Nearly 13 Million People in Spain Now Have Private Health Insurance — and Public Pressure Is Why
12.8 Million People — and Rising
Nearly 12.8 million people in Spain now hold private health insurance, up from around 11 million in 2020. Private coverage has grown from 23% of the population in 2020 to 26% in 2025, with more than 200,000 new policies taken out in the past 12 months alone.
The private sector now handles 30–40% of all medical activity in Spain, carries out more than 42% of all surgical procedures, and covers nearly one third of all emergency cases.
Why People Are Leaving the Public System
The primary driver is waiting times.
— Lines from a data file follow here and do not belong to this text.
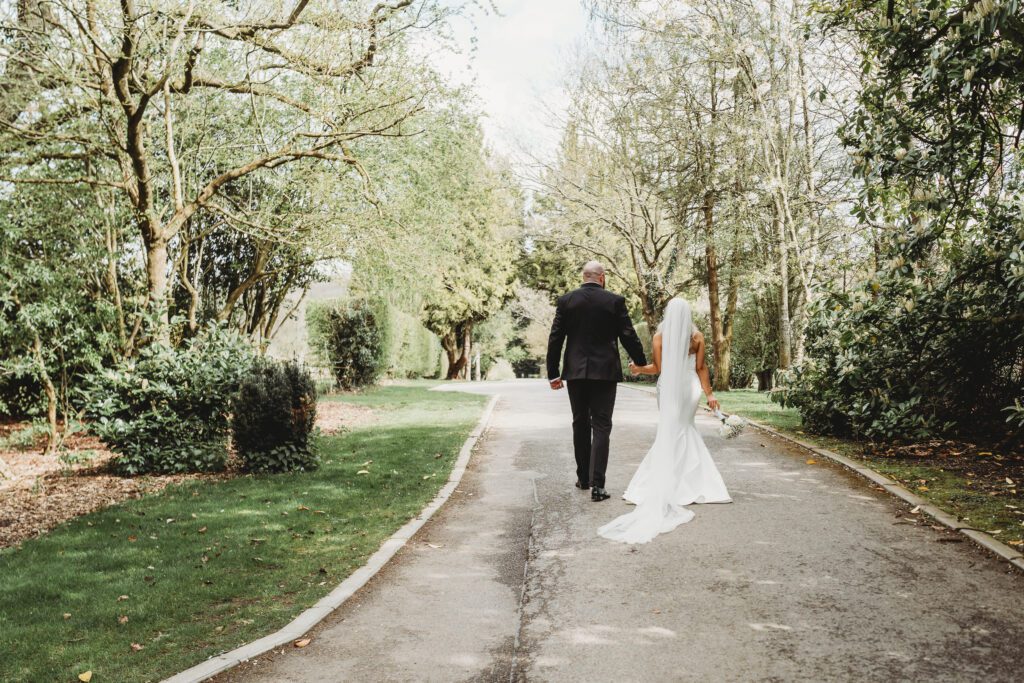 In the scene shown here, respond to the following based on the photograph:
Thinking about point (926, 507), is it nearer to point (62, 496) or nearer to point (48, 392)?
point (62, 496)

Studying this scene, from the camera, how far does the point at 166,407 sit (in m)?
10.1

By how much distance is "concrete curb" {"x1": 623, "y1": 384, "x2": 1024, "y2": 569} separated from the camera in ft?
18.2

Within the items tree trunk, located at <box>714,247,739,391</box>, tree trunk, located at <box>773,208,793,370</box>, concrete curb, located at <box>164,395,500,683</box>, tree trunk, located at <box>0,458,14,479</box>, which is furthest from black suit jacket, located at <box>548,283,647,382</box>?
tree trunk, located at <box>714,247,739,391</box>

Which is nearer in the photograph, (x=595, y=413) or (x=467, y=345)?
(x=595, y=413)

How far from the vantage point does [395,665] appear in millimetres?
4172

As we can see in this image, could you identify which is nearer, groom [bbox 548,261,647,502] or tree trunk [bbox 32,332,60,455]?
groom [bbox 548,261,647,502]

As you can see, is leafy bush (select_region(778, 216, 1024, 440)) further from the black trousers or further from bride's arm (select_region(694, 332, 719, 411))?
the black trousers

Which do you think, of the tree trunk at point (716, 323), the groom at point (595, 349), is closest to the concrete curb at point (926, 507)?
the groom at point (595, 349)

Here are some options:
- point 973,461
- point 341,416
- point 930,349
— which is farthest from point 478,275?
point 973,461

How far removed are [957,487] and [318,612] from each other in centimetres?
671

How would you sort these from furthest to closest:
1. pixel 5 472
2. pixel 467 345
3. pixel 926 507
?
pixel 467 345 < pixel 5 472 < pixel 926 507

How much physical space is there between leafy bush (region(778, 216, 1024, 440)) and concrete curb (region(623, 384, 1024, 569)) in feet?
3.86

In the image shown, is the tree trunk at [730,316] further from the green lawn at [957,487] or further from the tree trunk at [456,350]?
the tree trunk at [456,350]

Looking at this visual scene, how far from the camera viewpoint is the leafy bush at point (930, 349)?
919cm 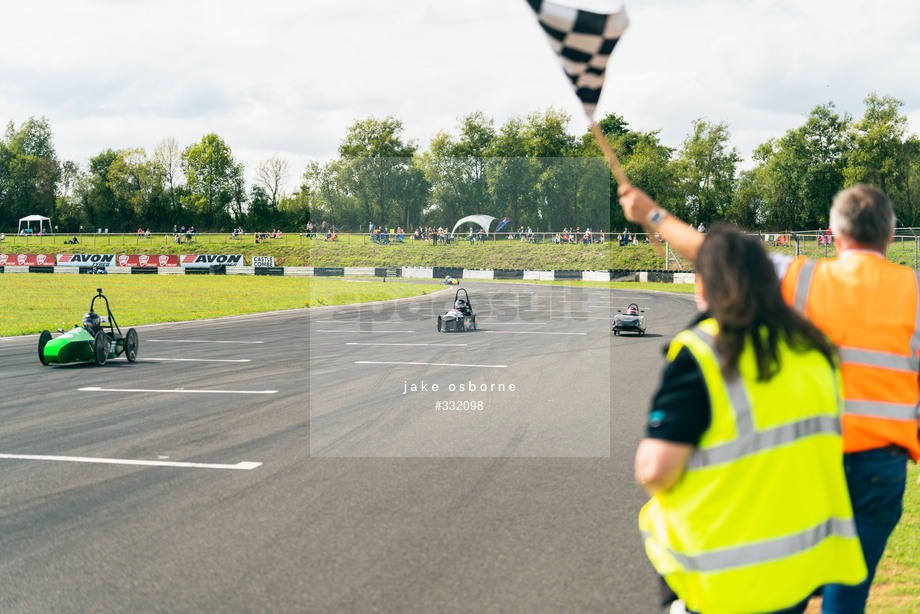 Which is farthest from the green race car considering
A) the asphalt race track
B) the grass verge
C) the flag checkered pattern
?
the flag checkered pattern

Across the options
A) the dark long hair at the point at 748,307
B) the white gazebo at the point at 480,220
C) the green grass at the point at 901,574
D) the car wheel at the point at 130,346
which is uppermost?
the white gazebo at the point at 480,220

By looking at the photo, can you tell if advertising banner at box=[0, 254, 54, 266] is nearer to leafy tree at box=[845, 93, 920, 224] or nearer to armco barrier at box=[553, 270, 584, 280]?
armco barrier at box=[553, 270, 584, 280]

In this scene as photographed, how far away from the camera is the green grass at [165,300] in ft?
67.1

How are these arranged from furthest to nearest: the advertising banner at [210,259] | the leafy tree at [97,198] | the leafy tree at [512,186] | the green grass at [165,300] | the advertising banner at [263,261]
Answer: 1. the leafy tree at [97,198]
2. the leafy tree at [512,186]
3. the advertising banner at [210,259]
4. the advertising banner at [263,261]
5. the green grass at [165,300]

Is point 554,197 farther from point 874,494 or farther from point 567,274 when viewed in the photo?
point 874,494

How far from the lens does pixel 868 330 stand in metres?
2.58

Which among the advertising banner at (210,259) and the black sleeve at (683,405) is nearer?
the black sleeve at (683,405)

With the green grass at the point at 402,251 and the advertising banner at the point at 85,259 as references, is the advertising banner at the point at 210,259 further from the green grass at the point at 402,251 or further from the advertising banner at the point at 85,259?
the advertising banner at the point at 85,259

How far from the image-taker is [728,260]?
2.05 metres

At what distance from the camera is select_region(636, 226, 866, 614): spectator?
1941mm

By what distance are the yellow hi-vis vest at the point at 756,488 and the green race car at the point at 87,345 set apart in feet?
37.3

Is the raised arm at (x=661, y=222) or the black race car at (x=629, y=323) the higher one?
the raised arm at (x=661, y=222)

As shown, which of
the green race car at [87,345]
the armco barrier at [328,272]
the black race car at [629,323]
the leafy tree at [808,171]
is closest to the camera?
the green race car at [87,345]

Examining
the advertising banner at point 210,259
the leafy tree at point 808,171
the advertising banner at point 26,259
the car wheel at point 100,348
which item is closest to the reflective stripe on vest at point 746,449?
the car wheel at point 100,348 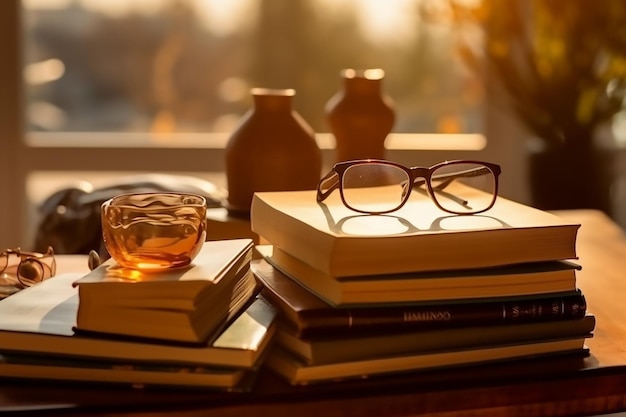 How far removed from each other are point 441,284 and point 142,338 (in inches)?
9.5

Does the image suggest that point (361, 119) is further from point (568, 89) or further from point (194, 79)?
point (194, 79)

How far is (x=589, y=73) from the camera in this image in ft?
7.50

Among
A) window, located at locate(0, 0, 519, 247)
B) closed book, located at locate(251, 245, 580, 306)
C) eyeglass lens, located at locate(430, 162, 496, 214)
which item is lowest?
window, located at locate(0, 0, 519, 247)

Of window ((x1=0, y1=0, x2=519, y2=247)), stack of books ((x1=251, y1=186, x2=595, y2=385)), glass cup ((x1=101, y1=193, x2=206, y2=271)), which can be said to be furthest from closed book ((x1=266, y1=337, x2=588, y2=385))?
window ((x1=0, y1=0, x2=519, y2=247))

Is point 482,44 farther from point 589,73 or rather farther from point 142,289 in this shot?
point 142,289

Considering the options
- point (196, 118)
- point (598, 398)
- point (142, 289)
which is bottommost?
point (196, 118)

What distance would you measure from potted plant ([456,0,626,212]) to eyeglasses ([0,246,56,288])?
1571 mm

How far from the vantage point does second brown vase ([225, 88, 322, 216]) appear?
1.12 m

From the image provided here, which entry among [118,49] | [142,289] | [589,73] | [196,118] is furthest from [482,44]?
[142,289]

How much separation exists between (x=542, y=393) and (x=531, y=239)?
0.13m

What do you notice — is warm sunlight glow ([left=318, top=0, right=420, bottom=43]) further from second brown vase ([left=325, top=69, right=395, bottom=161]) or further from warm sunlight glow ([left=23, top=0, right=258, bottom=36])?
second brown vase ([left=325, top=69, right=395, bottom=161])

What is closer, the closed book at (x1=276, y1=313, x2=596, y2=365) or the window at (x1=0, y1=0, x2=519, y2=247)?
the closed book at (x1=276, y1=313, x2=596, y2=365)

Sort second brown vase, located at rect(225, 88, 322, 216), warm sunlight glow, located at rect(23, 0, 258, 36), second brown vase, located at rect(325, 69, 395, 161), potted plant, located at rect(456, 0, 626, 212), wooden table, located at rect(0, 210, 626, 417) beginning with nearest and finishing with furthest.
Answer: wooden table, located at rect(0, 210, 626, 417), second brown vase, located at rect(225, 88, 322, 216), second brown vase, located at rect(325, 69, 395, 161), potted plant, located at rect(456, 0, 626, 212), warm sunlight glow, located at rect(23, 0, 258, 36)

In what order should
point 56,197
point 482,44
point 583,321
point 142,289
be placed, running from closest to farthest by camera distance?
1. point 142,289
2. point 583,321
3. point 56,197
4. point 482,44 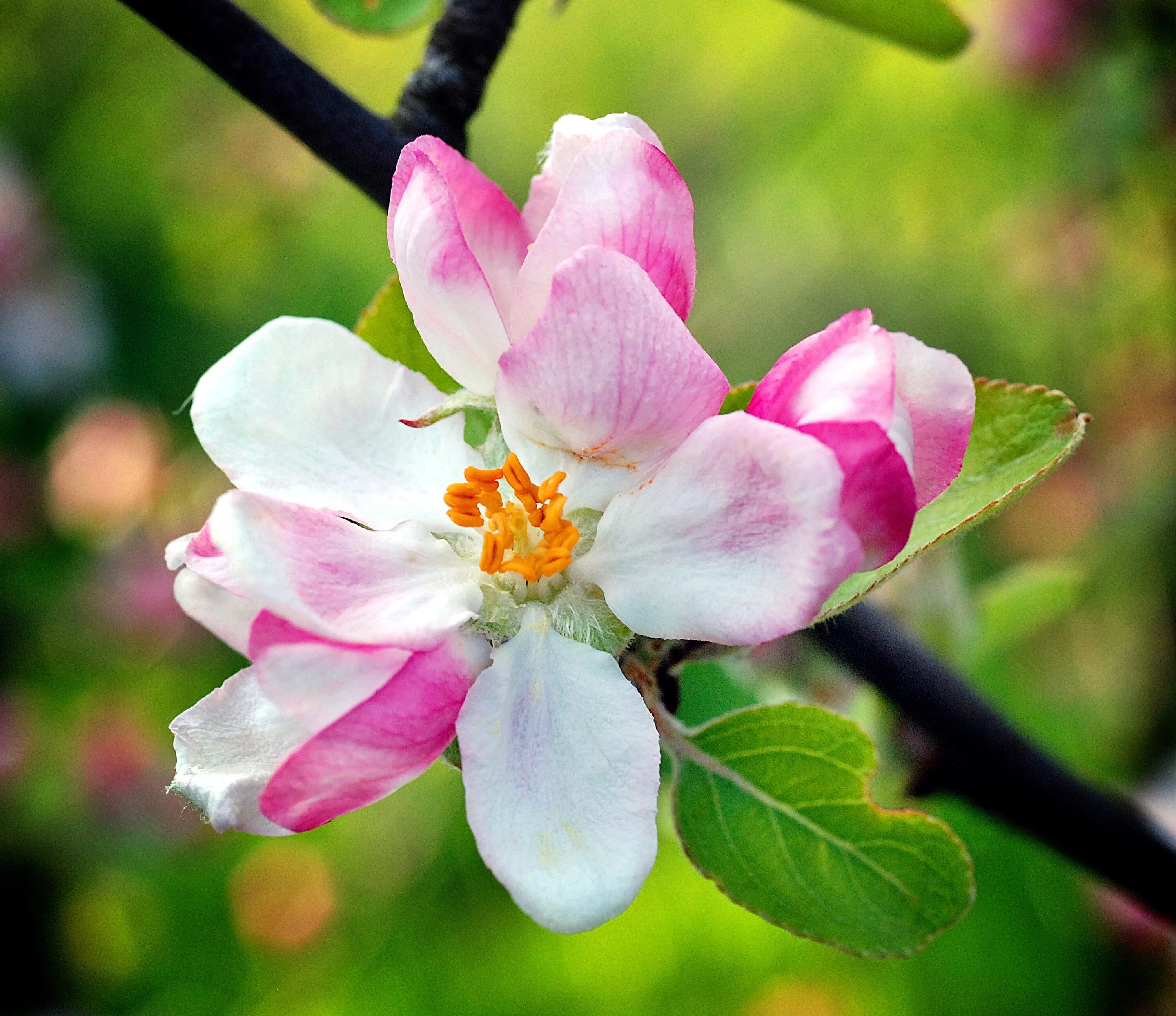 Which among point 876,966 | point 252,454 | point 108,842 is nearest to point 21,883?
point 108,842

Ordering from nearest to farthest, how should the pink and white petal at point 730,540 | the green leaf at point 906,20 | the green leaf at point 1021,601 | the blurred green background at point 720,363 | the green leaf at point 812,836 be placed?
the pink and white petal at point 730,540, the green leaf at point 812,836, the green leaf at point 906,20, the green leaf at point 1021,601, the blurred green background at point 720,363

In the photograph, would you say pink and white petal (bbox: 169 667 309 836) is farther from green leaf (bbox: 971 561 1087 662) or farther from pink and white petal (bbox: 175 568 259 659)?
green leaf (bbox: 971 561 1087 662)

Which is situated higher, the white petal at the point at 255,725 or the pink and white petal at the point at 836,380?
the pink and white petal at the point at 836,380

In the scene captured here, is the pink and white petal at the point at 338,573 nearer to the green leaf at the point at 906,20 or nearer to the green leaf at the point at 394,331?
the green leaf at the point at 394,331

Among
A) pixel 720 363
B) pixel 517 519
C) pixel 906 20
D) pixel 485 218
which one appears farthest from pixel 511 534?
pixel 720 363

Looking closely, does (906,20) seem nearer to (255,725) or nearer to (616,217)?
(616,217)

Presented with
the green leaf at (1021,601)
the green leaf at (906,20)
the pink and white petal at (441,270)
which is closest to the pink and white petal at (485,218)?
the pink and white petal at (441,270)

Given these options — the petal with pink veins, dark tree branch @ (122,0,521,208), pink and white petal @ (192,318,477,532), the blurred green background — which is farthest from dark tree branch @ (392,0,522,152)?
the blurred green background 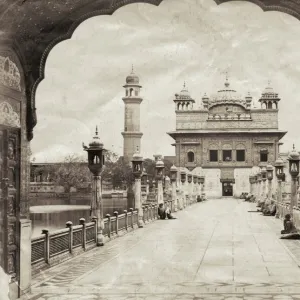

Patients who need to be seen quickly — for specialist appointments, diagnostics, or elective procedures — are increasingly turning to private providers rather than waiting months in the public system.
Sergio Fernández, spokesperson for the Federation of Associations for the Defence of Public Healthcare, is critical of the trend: "Those wanting faster care end up paying twice — through their taxes and through their insurance policy."
Guillén del Barrio, an emergency nurse at Madrid's La Paz Hospital, put it more bluntly: "The system is pushing them out." Overcrowding and staff shortages are leaving patients with little choice but to go private for routine care.
Where Private Cover Is Highest
The regions with the highest rates of private health insurance — all above the national average of 26% — are:
- Madrid
- Catalonia
- Balearic Islands
The Private Sector's Defence
Marta Villanueva, CEO of the IDIS Foundation (Institute for the Development and Integration of Healthcare), argues the opposite: that private providers are helping the public system by absorbing millions of routine consultations each year, reducing pressure on public hospitals.
A Structural Problem
Critics point to a fundamental flaw in the two-tier arrangement: patients with private insurance still rely on public hospitals for serious illnesses, complex surgery, and high-cost emergencies. This means private providers profit from routine, lower-risk treatments — while the public system absorbs the burden of the most expensive and complex cases.
Staff shortages, growing patient demand, and chronic underfunding are all cited as contributing factors. The growth of private coverage is increasingly seen not as a sign of a thriving healthcare market, but as a signal that Spain's public system is struggling to meet its obligations.
This article is based on reporting from Spanish News Today, published May 2026.